The CIS Bill has been passed by the House of Representative and is currently before the Senate Economic Legislation Committee which will report on the CIS Bill by 6 December 2001.

Making offshore debt issues easier

A number of recent developments on the Australian tax front make it easier to sell an offshore debt capital markets issue by an Australian issuer in the primary and secondary markets. Matthew Barnard, a partner in our Hong Kong office takes a look at what these changes mean.

Section 128F of the Income Tax Assessment Act 1936 (Cth) (ITAA) provides for exemption from interest withholding tax provided that the "public offer" test is satisfied. That test is not satisfied if the issuer knew, or ought to have known, that the relevant instruments would be purchased by its associates.
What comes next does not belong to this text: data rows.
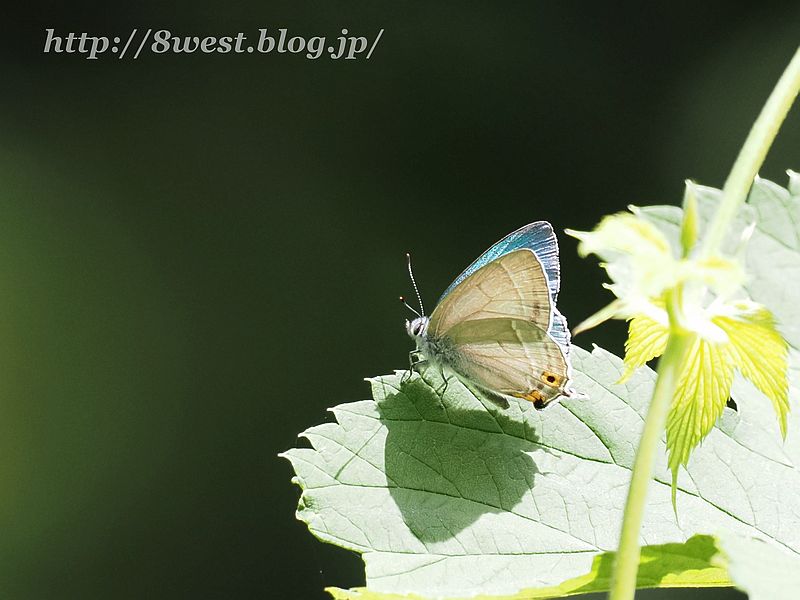オオミドリシジミ3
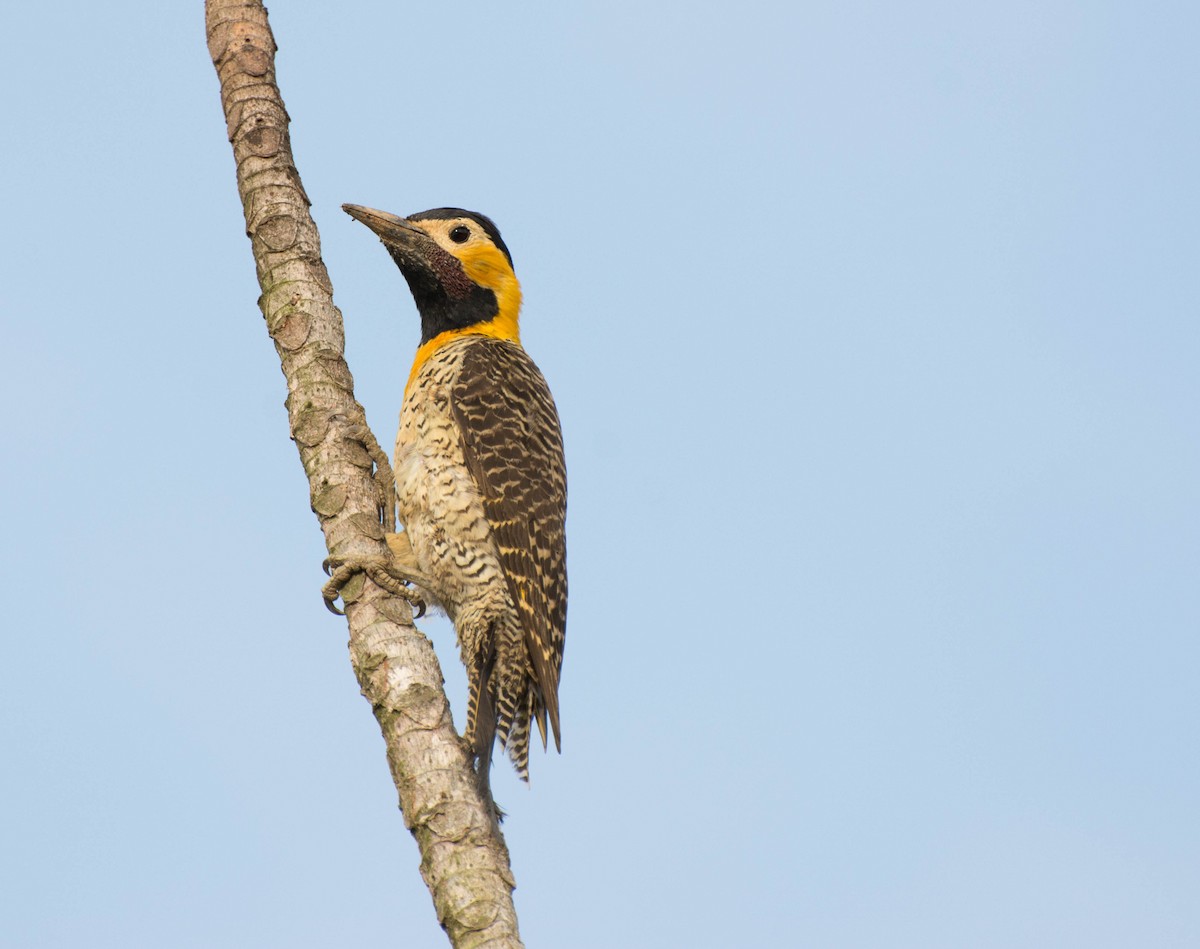 Campo Flicker - Marcos Moura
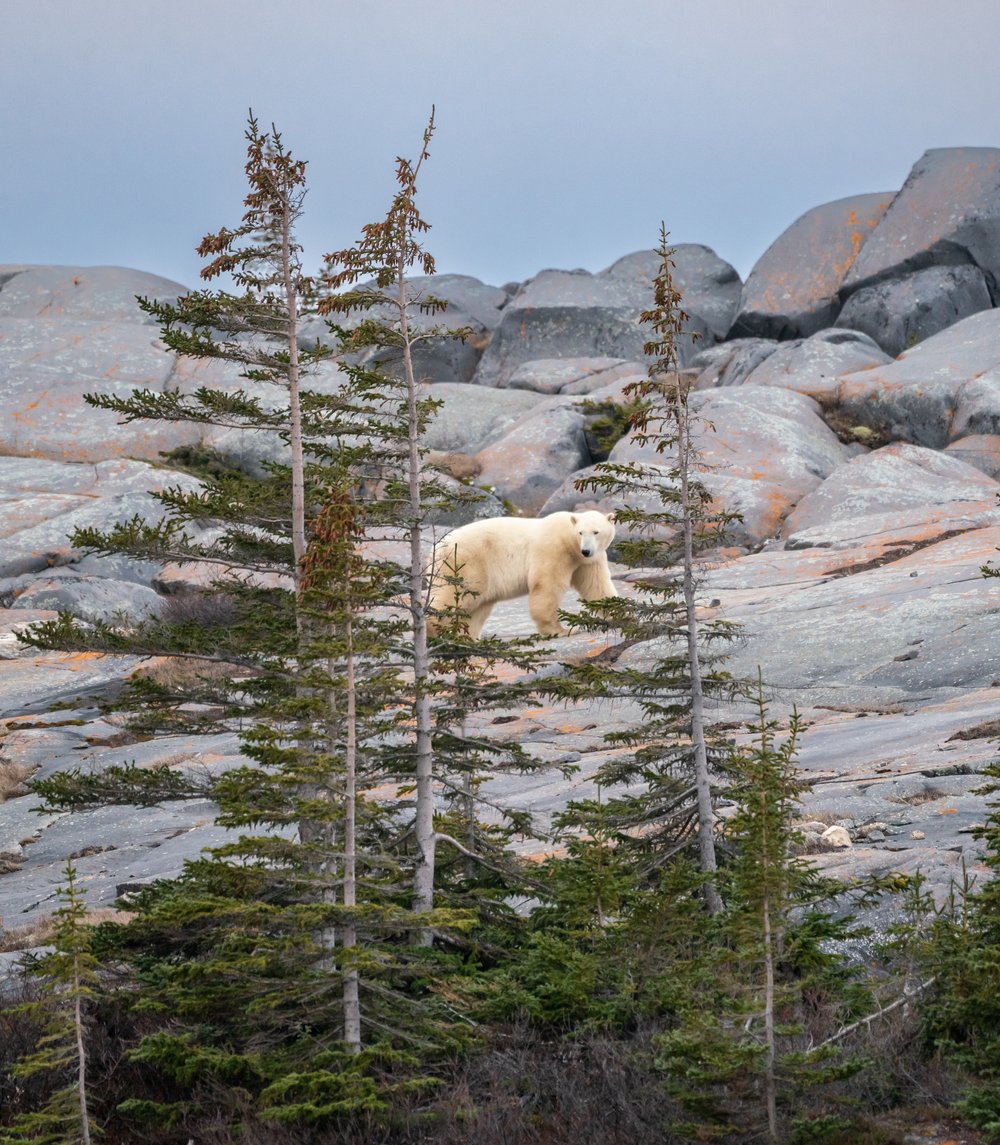 Male polar bear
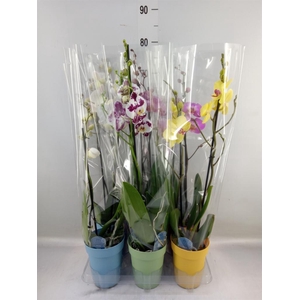 Phalaenopsis   ...mix  5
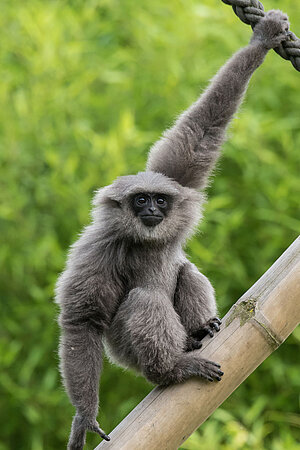 Ein Silbergibbon.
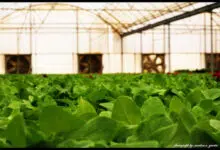 qatar organic farms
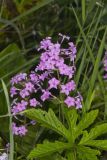Spotted Phlox, Phlox maculata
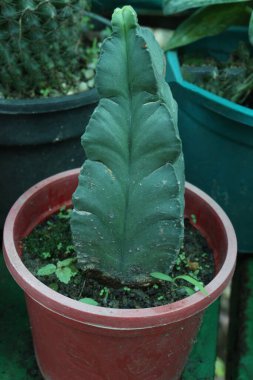 Astrofittum myriostigma kaktüs bitkisi satışta nakit mahsuldür. Hem kapalı hem de açık havada yetiştirmek için ideal. Kaktüs türünü büyütmek ve büyütmek kolaydır.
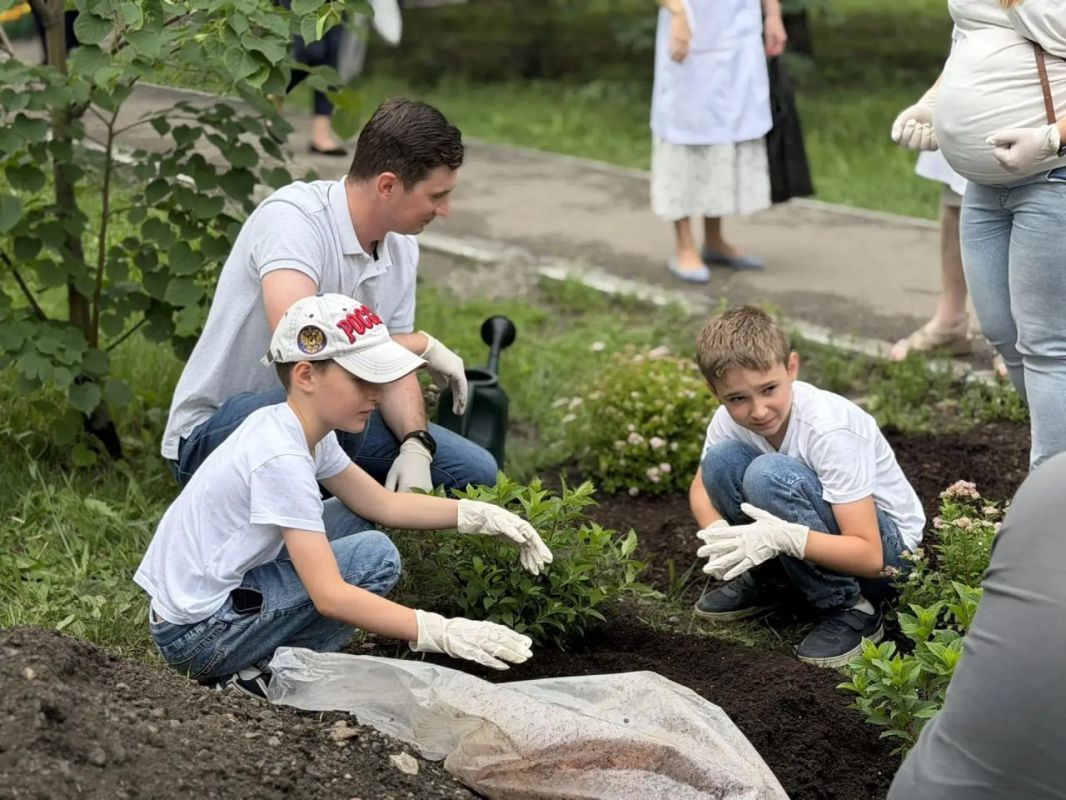 В Иркутской городской клинической больнице № 9 появилась аллея «Дерево семьи» В Иркутской городской клинической больнице № 9 появилась аллея «Дерево семьи»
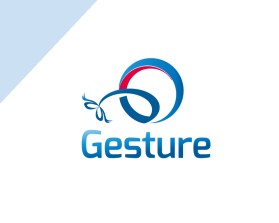 Gesture entry by jivoc2011
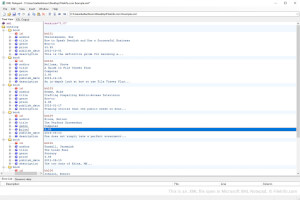 Microsoft xml记事本中.xml文件的屏幕截图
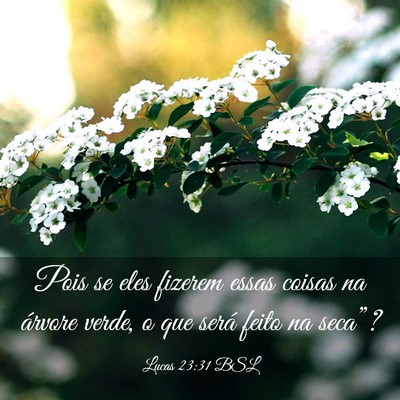Picture 03 - Lucas 23:31 BSL - Pois se eles fizerem essas coisas na árvore - Bible Verse Picture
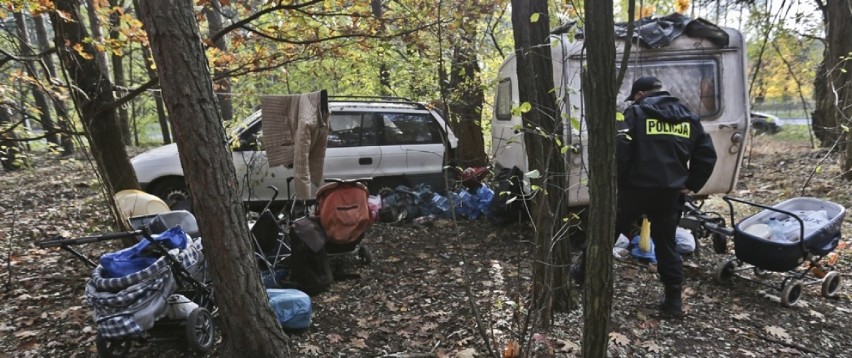 Bezdomni założyli obozowisko w lesie koło Trasy Północnej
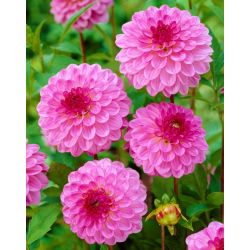 Dahlia "Lennyho sen" - 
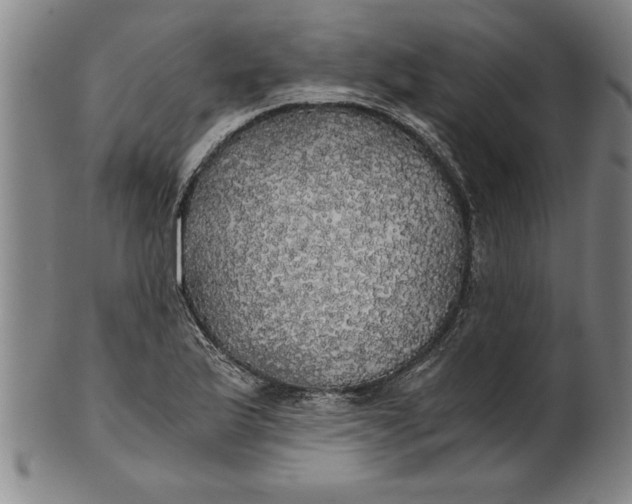 X0000101951175200808081459
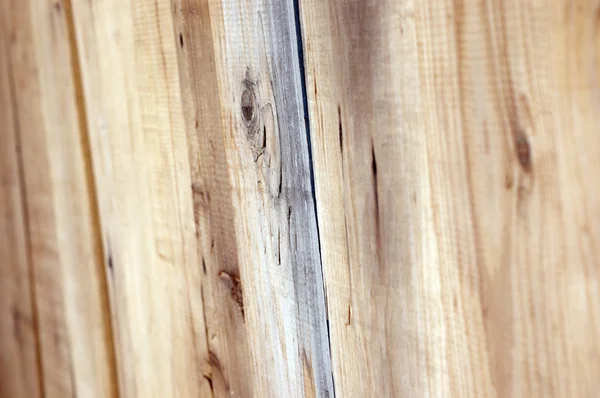 Texture de la planche en bois — Photo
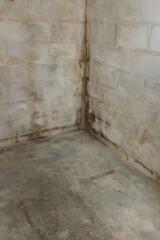 Due to the water intrusion, mildew is growing on the concrete block wall. If there is enough organic material on the walls, mold can also start to grow.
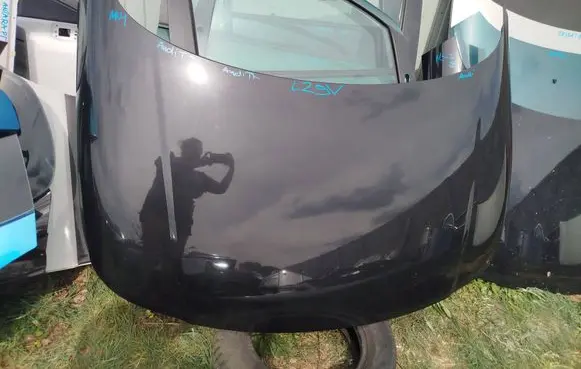 Engine bonnet/hood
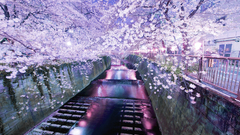 Purple beauty fantasy Beauty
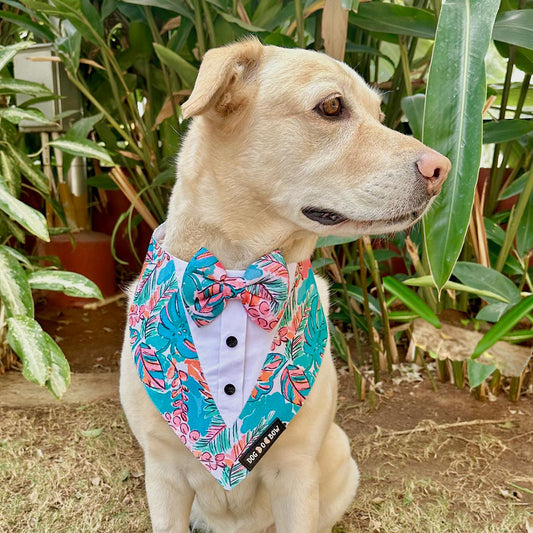 Tropicana Print Tuxedo Bandana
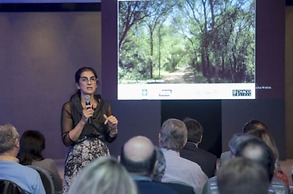 Amérian Hotel Casino Gala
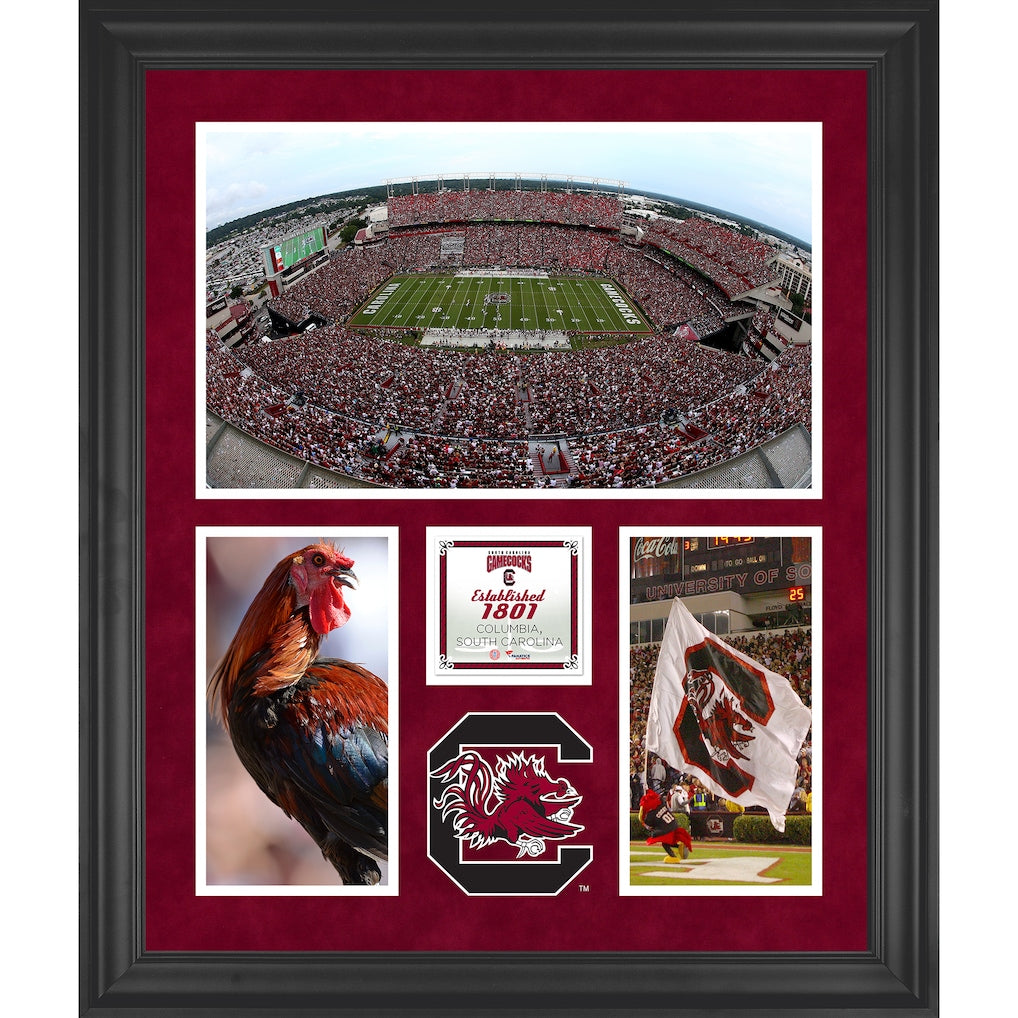 South Carolina Gamecocks Williams-Brice Stadium Framed 20'' x 24'' 3-Opening Collage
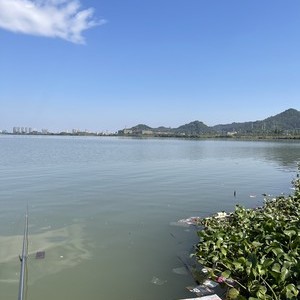 全國釣魚天氣氣壓查詢_釣魚天氣氣壓表軟件下載_涪江釣魚天氣_涪江氣壓預報_涪江天氣預報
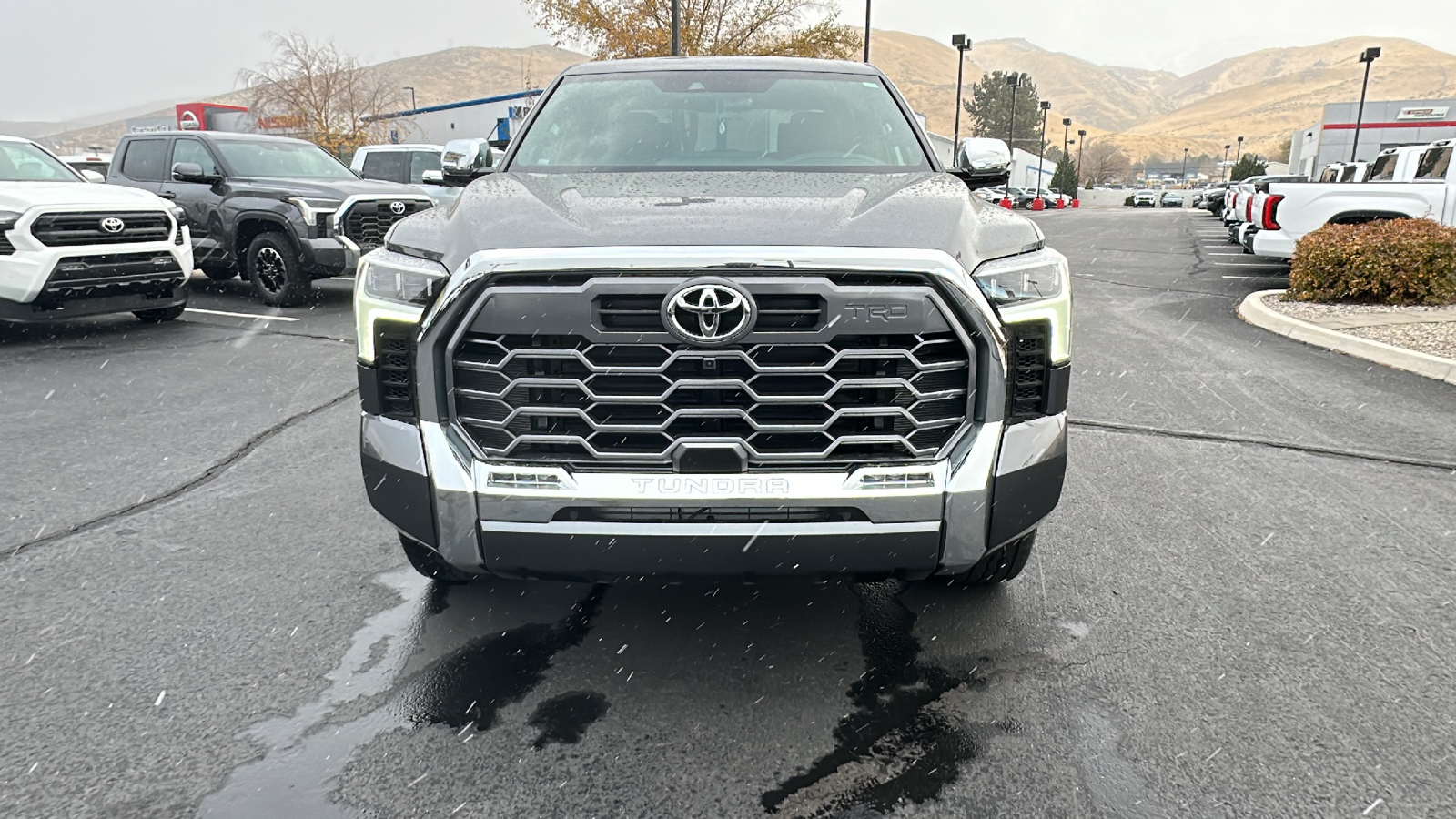 2025 TOYOTA Tundra 1794 Edition 8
The changes to the tax law take effect from the date of the Australian Treasurer's announcement on 29 August 2001. From that date the fact that instruments will or could be purchased by:

  • Australian onshore associates of the issuer; or
  • non-resident associates of the issuer who act as the clearing house, paying agent, custodian or funds manager, is no longer relevant for the public offer test.

Unfortunately the Treasurer's announcement makes reference to the fact that associates who act as the clearing house, paying agent, custodian or funds manager do not normally hold debentures to their own account. While the holding of the debentures on the account of others is not stated to be a requirement, until clarified it would be prudent to treat it as such.

Changes to taxation of discounted instruments

Under present law, the gain on the sale of a discounted instrument by a non-resident to an Australian resident was deemed to be interest, but could not benefit from the s128F exemption, even if the issue of the instrument had satisfied the public offer test, because the deemed interest was not paid by the issuer.

The Treasurer's announcement included the extension of the s128F exemption to this deemed interest if the instrument would otherwise have qualified for that exemption. This should facilitate the integration of offshore and onshore trading in discounted instruments.

Australian Tax Office determination on bearer debentures

On 8 August 2001, the Australian Taxation Office confirmed that when a bearer global instrument is held in a clearing system such as Clearstream or the Hong Kong CMU, the holder will be the clearing system. Many practitioners already took this view, but the existence of some doubt made some issuers cautious.

Some transactions for Australian issuers can only be achieved if the pool of investors consists of offshore investors as well as Australian based investors. Typically, however, offshore investors usually want bearer notes lodged with Euroclear or Clearstream, while the issuer wants to issue registered notes to Australian investors, not bearer notes.

The issuer has preferred to issue registered instruments to onshore investors because of s126 of the ITAA. Where the issuer does not give the Commissioner of Taxation the name and address of the holder of a bearer debenture, the issuer could be liable to pay income tax (known as bearer debenture tax) at the rate of 47% on the interest. This was a problem for the issuer if an investor was an Australian resident or carried on business at or through a permanent establishment in Australia. The problem also existed if the notes were sold in the secondary market to Australian based investors. Bearer debenture tax does not apply to non-resident holders of debentures if the initial issue satisfied the public offer test under s128F, but it is difficult in practice for issuers to ascertain the resident status of holders.

On the basis of the new determination, however, distribution and secondary sales to Australian based investors are no longer problematic. Bearer instruments - or more precisely, indirect interests in global bearer instruments - can be issued to, and sold in the secondary market to, Australian based investors without attracting bearer debenture tax provided the global instrument is held in a clearing system and the relevant details of the clearing system are given to the Commissioner.

(For completeness, please note that the investor will become a holder of the note if the global has been exchanged for definitives. In most programmes, this can only occur if there has been a payment default.)